The 79 kD gonadotropin-regulated testicular long chain acyl-CoA synthetase gene (GR-LACS) is a hormone-regulated member of the acyl-CoA synthetase family that is expressed abundantly in Leydig cells and to a lesser extent in germinal cells of the adult testis. GR-LACS possesses an ATP/AMP binding domain and the fatty acyl-CoA synthetase (FACS) signature motif. To gain insights into the transcriptional regulation of GR-LACS in gonadal cells, we determined the genomic organization of the gene, including the upstream flanking sequences. The mouse GR-LACS gene spans over at least 45 kb and the coding region is encoded by exons 1-14. All exon-intron junction sites correspond to the consensus splice sequence GT-AG. Exon 7 and 11 comprise the conserved ATP/AMP binding domain and the FACS signature motif, respectively. Primer extension and S1 nuclease analyses demonstrated four transcriptional start sites located at -266/-216 bp 5' to the ATG codon. The minimal promoter domain resides within -254/-217 bp 5' to ATG codon, and upstream sequences to -404 bp (-1035/-405 bp) contribute to the inhibition of transcription in the expressing mouse Leydig tumor cells.
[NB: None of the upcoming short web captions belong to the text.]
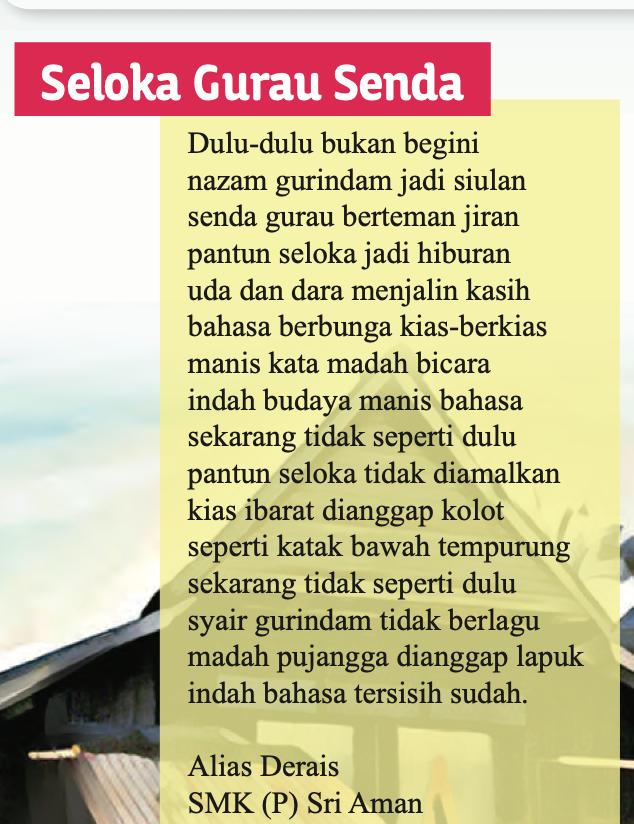 Seloka Gurau Senda oleh Alias Derais, SMK (P) Sri Aman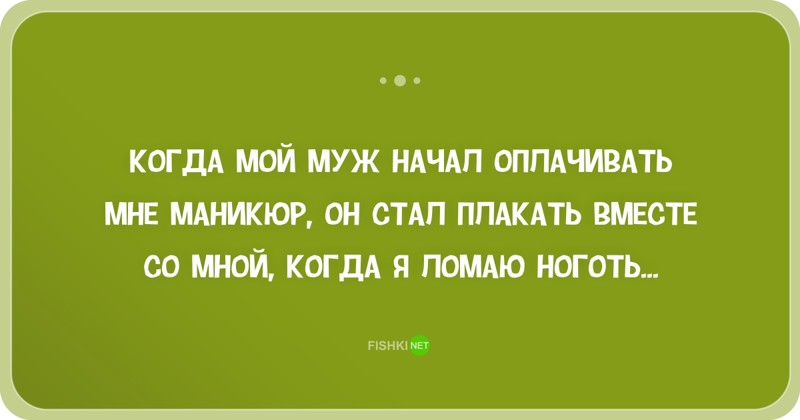25 открыток с отборным юмором настроение, открытки, прикол, юмор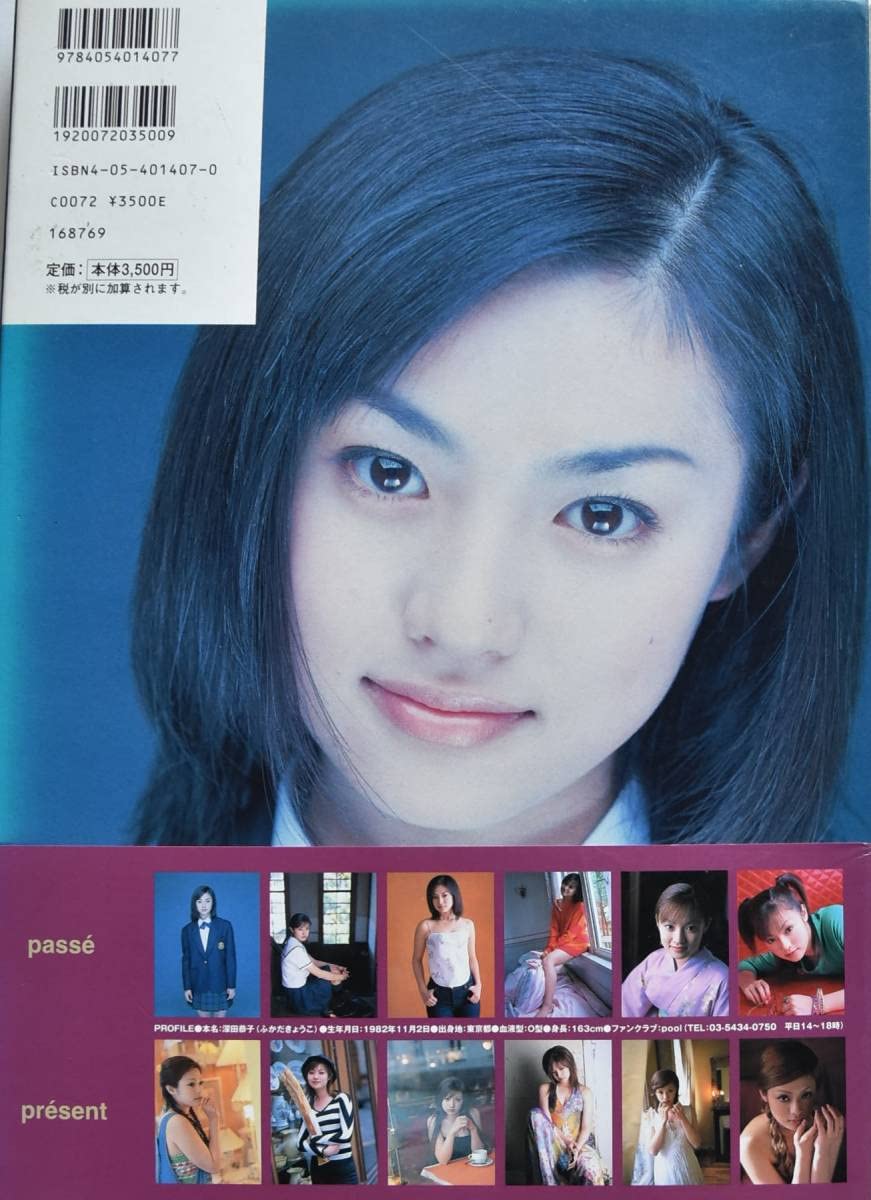 Amazon.co.jp: 深田恭子 写真集 AVENIR 卒業記念 特大ポスター2枚付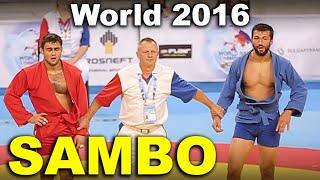 2016 final -90 kg RYABOV (RUS) - GHVINIASHVILI (GEO) world Sambo championship самбо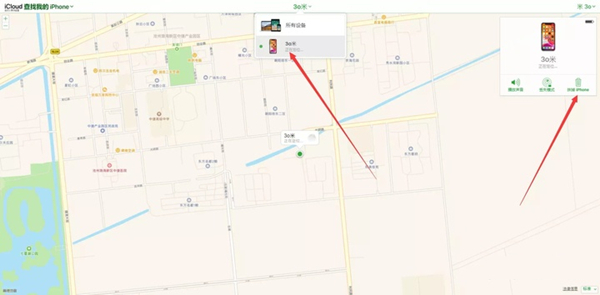 iphone13pro忘记锁屏密码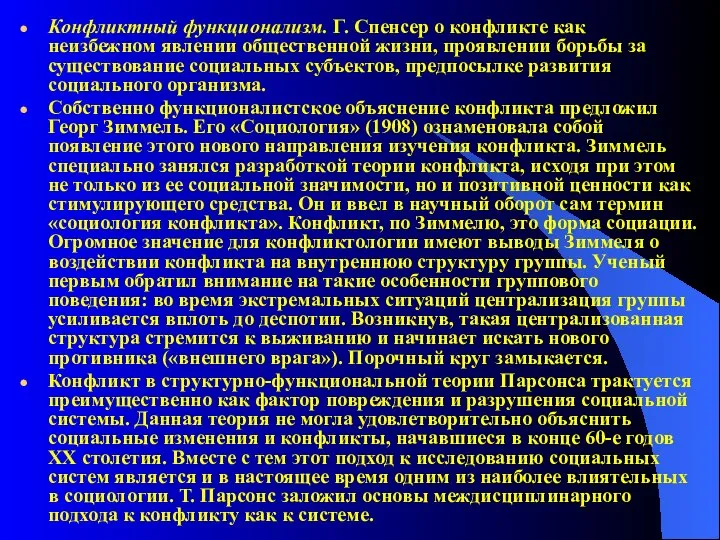 Конфликтный функционализм. Г. Спенсер о конфликте как неизбежном явлении общественной жизни,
Removal of -217/-1 bp, containing a 23 nt GC rich sequence (-112/-90) with an Sp1/Sp3 binding element, within the 1st exon of this TATA-less promoter, significantly reduced GR-LACS gene transcription. Transcriptional activity was abolished by a 2 nt mutation of this element. Thus, functional analyses of this promoter domain indicate that transcription of GR-LACS gene requires an Sp1/Sp3 binding element downstream of the transcriptional start sites which is essential for basal promoter activity.